Her group has found that long-term adherence to a Mediterranean diet partially restores the populations of a number of healthy microbes, including P. distasonis, B. thetaiotaomicron, F. prausnitzii, B. adolescentis and B. longum in MetS patients (Haro C, et al. J Nutr Biochem. 2016; 27: 27-31).

According to Dr. Haro, the new wave of microbiome science is building a strong case that changes in the gut microbiota may actually be triggers for pathogenic mechanisms tha tlead to insulin resistance, chronic systemic inflammation, and a host of other physiologic changes that lead to metabolic syndrome, obesity, and diabetes. She added that, “The shaping of the gut microbiome is currently considered a therapeutic target, since specific changes in the gut microbial community might counteract the development of obesity and metabolic syndrome.”

A Planetary Research Project

While Haro’s study sheds light onto the close connection between diet and the gut microbiome, the potential for our intestinal flora to help stave off metabolic disease is not yet fully understood. While it appears that some gut microbes may play a pathogenic role in the development of metabolic disease, the exact underlying mechanisms and host-bacterial interactions beind that relationship are still unclear.

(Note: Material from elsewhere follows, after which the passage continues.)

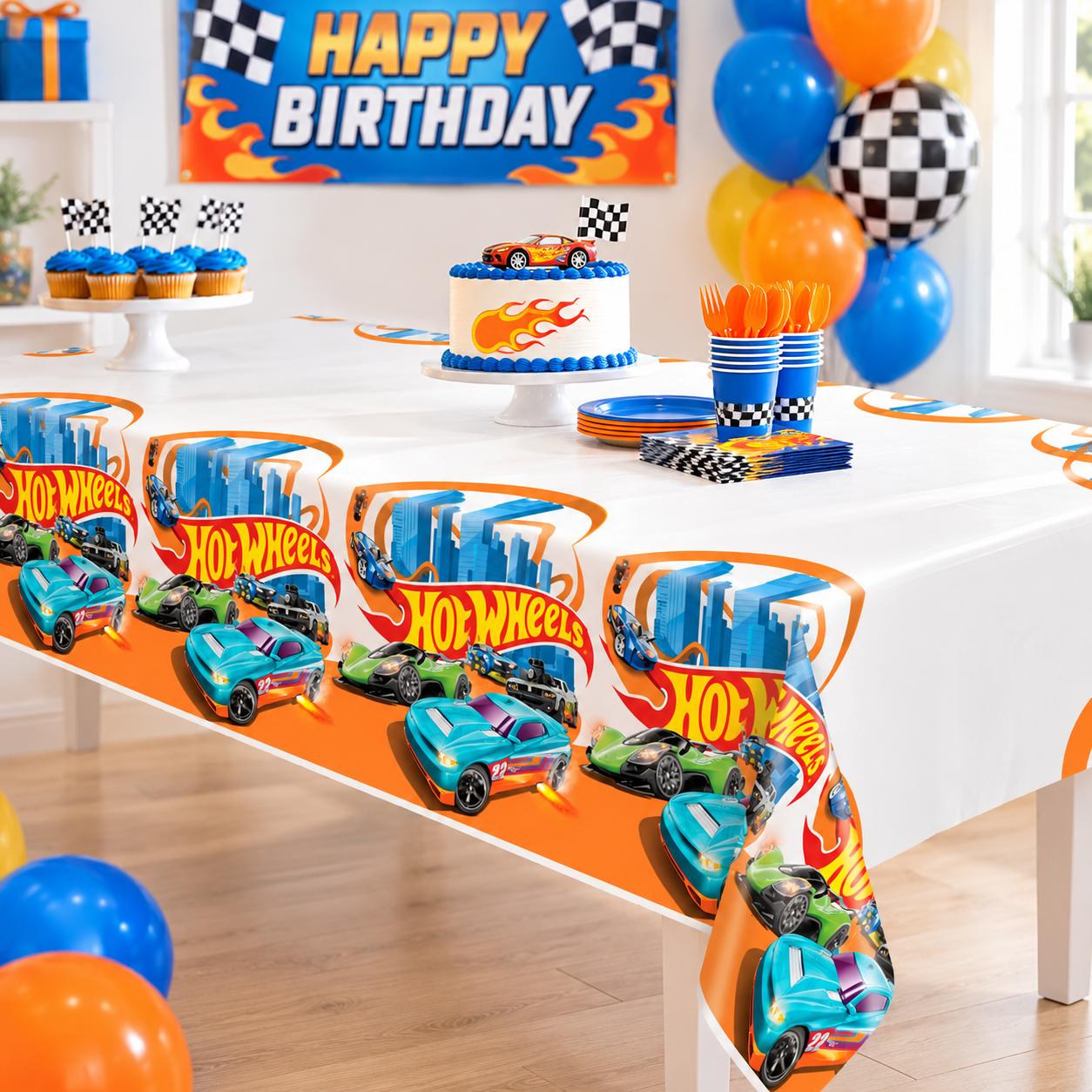 Hot Wheels Beverage Napkins - 16 Pack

Indeed, when it comes to understanding the many functions of the microbiome and its health-enhancing capacities, there is much left to learn. So much so that recently, a group of leading scientists called for a comprehensive government-led effort to study the numerous microbial communities that influence not only human health, but also the health of the planet at large.

As reported last fall in the journal Science, experts have “propose[d] an interdisciplinary Unified Microbiome Initiative (UMI) to discover and advance tools to understand and harness the capabilities of Earth’s microbial ecosystems.” Though the recent upsurge in microbiome research has undoubtedly broadened our awareness of the wide variety and ubiquity of microorganisms that live both within our bodies and beyond, we know relatively little about their exact functions and the many intricate ways in which they interact with each other, their hosts, and the environment (Alivisatos, A. et al. Science. 2015; 350(6260): 507-508).

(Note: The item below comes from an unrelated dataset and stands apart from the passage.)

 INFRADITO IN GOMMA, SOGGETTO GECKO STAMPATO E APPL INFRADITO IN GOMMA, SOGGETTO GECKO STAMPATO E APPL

In addition to advancing knowledge of the human microbiome, the UMI would also explore environmental microbial communities, looking at, for example, the impacts of oceans and soil microbes on atmospheric CO2 and their potential contributions to climate change.

Describing our own microbiome as “an essential tool for precision medicine,” the authors of the Science paper write that “rational management of microbial communities in and around us has implications for asthma, diabetes, obesity, infectious diseases, psychiatric illnesses, and other afflictions.” As efforts such as the UMI gain traction, their leaders hope that future research will produce solutions to many of the health challenges that humanity faces today.